1) http://bit.ly/1pJcDLi
Why do us women let men treat us like shit and still stick around to take more later?
2) http://bit.ly/RTfKVc
Why do women stick around with men who treat them like crap?!?!? Bugs me sooo bad!
My response, when dealing with a partner in this kind of situation is to remember a couple of choice phrases from Wittgenstein.
"If a lion could speak, we would not understand him"
Which for me leads to another Wittgenstein quote.
"Whereof one cannot speak, thereof one must be silent"
I have tried to talk things through many times with the women in my life and sometimes it is better to just let go of it and act. I think they appreciate that more anyway.
You should marry her, bro. I think she is the rarest ones out there.
To me, that's proof positive she is not dysfunctional.
"So if you have a relationship with a stripper (I won't count it out), you have to stay strong and keep it arms length. Watch out for the drama. The drama with the girl I dated was pretty over the top. Get ready to be submitted to all the female BS and doubletalk you can possibly imagine.
But the sex can be mindblowing.
Oh yeah. One more thing. Make your stripper GF give take an STD test at least every 6 months and give you a copy. She is having sex with other guys."
That is one of the most ignorant and idiotic things I have ever seen on this site. Are you aware that the girl working at the local Target or Walgreens could cheat on you a thousand times and give you an STD????
ANYBODY could cheat on you and give you an std. Just because a girl isn't a dancer doesn't mean she's clean and is not going to fuck other guys.
Yes, I'm aware there are plenty of strippers who do extras. I've met and worked with plenty of them, but to say every single stripper is doing extras and fucking other guys is completely ignorant. You can't just lump people into one category. I know just as many girls who don't offer extras or do anything on the outside. I know strippers who are married and have never fucked another man outside of their marriage.

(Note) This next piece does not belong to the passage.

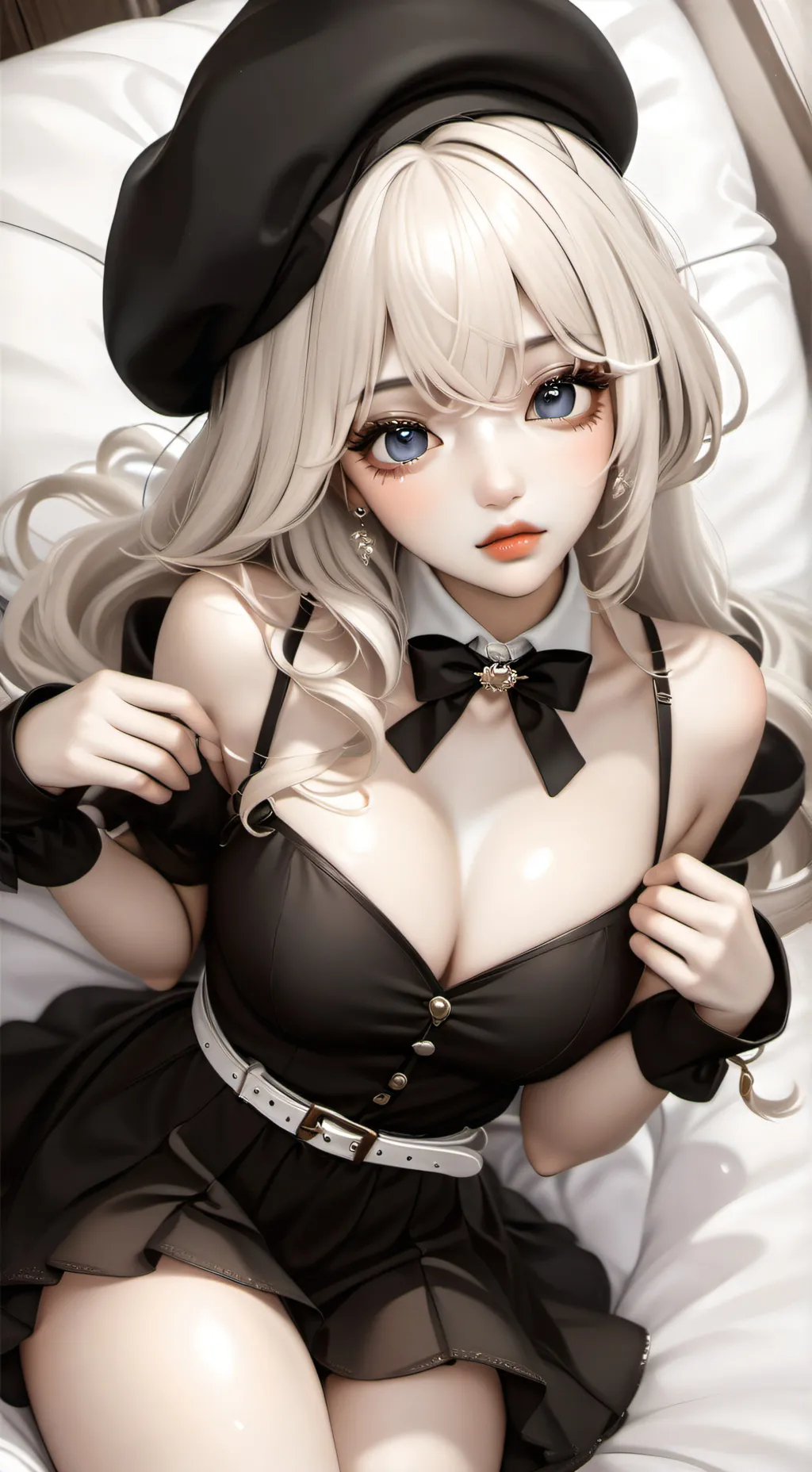 ai character: ~ava~ background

Forcing your partner, no matter what job they do, to take an std test every 6 months is not only disrespectful but cruel. If I were dating you and you told me you want me to take an std test because I MUST be fucking other people because I'm an exotic dancer, I'd dump your sorry ass immediately. If you lack respect for somebody to that extent, don't date them. Period. Easy as that.
Maybe all strippers aren't like my stripper gf but like I said in a previous post this is a strip club website so dudes on the site are kind of looking for stereotypes and that is the way I see it. Sorry if you dont agree.

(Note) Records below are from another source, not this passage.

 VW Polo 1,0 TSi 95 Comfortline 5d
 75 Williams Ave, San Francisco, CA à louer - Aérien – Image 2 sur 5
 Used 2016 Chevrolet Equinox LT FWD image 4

I just don't see a lot of girl next door types in the strip clubs I have been to.
Again, I was in this for the sex, and in this regard she did not disappoint.
This is already a given.
In my case, even before we met she was fucking other men. I'm not that newb/naive who will believe she not doing it.

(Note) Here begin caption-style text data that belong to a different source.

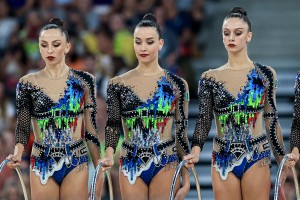 italy group rhythmic gymnastics aug 9 1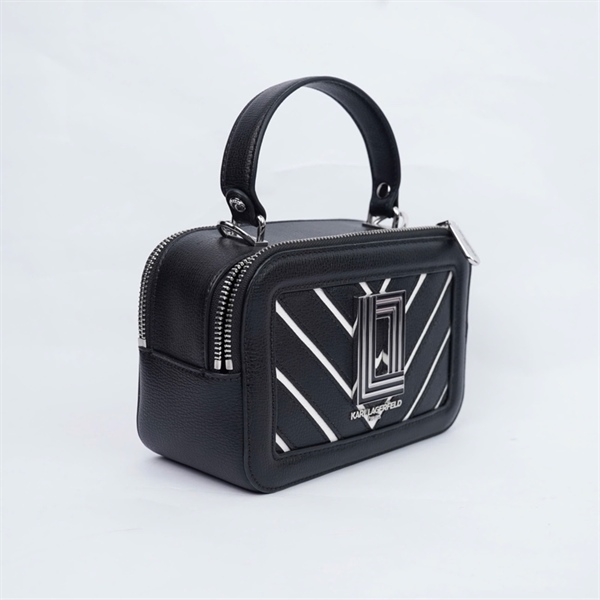 Túi Karl Largefeld đen sz19 (QN) KG+
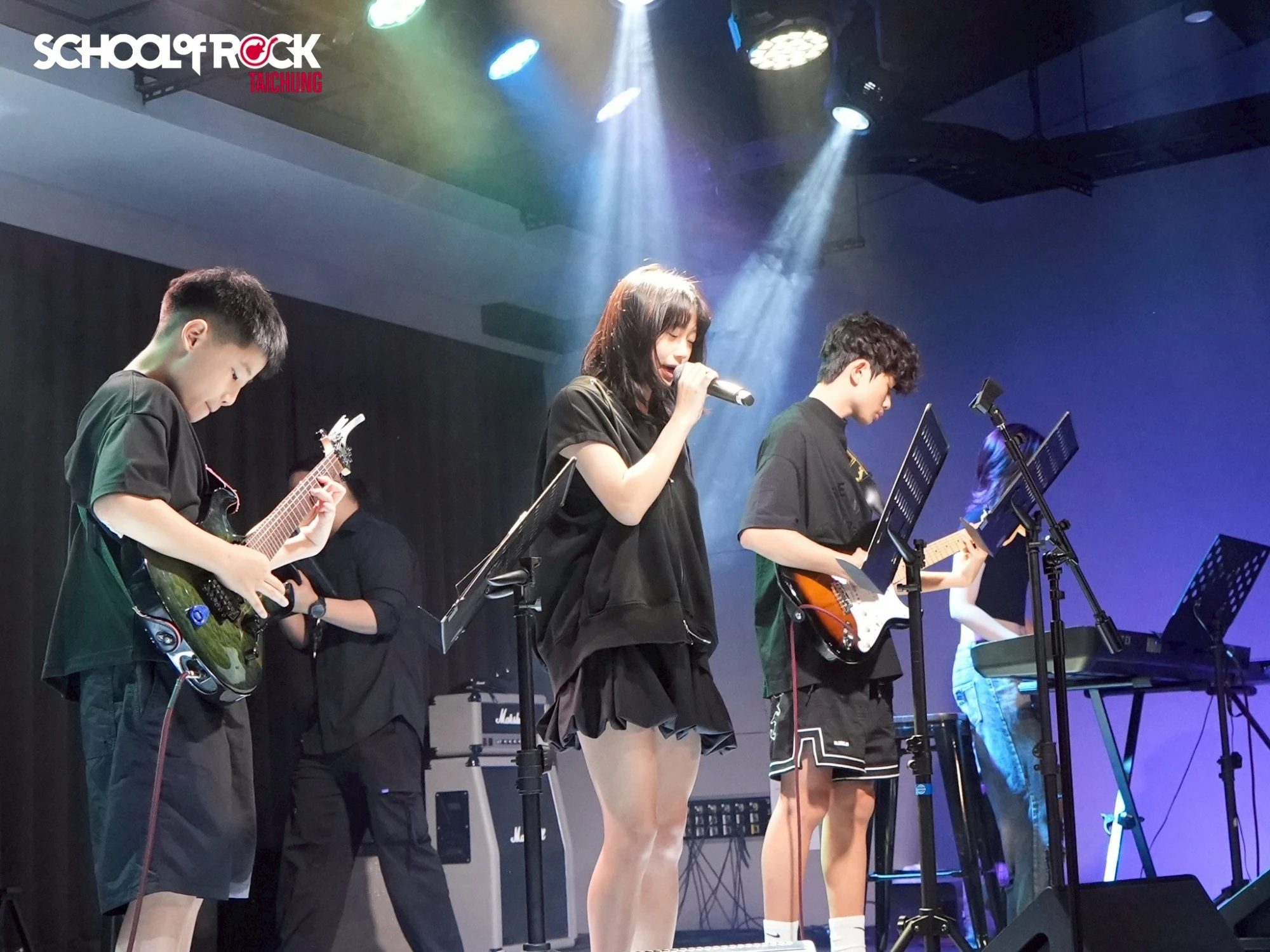 Performance成果發表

We have this line we do not cross about not discussing who we are having sex with. She is so secretive about it, I don't know why. I keep pressing the idea that is OK for her to tell me how the sex went and she would look at me with that Dagger Eyes, saying "I am not a whore."
But if I so much as mention that I might be going out with someone else, she freaks on me. She gets totally jealous and pissed.
It is all a mystery to me too.
My ex stripper gf has not been returning my texts since I refused to pay her car insurance. She is stupid.
You said, watch out for the drama. Yes, women often use drama to manipulate. It is not just strippers.
Yes, if you are telling them that you care about them, then you should be concerned for their well being and what troubles they might get into. But all too often they are staging situations, in order to make you extend yourself and to make yourself more committed to them.
This is how I did exactly what I though I would never do, get married. And my wife was nothing like a stripper. She was a conservative living girl. But she latched on to me, because I encouraged it, but also because she found by trial and error that she could manipulate me with emotional terrorism. Of course, when it really got ugly, was immediately after we were married, and not one second before.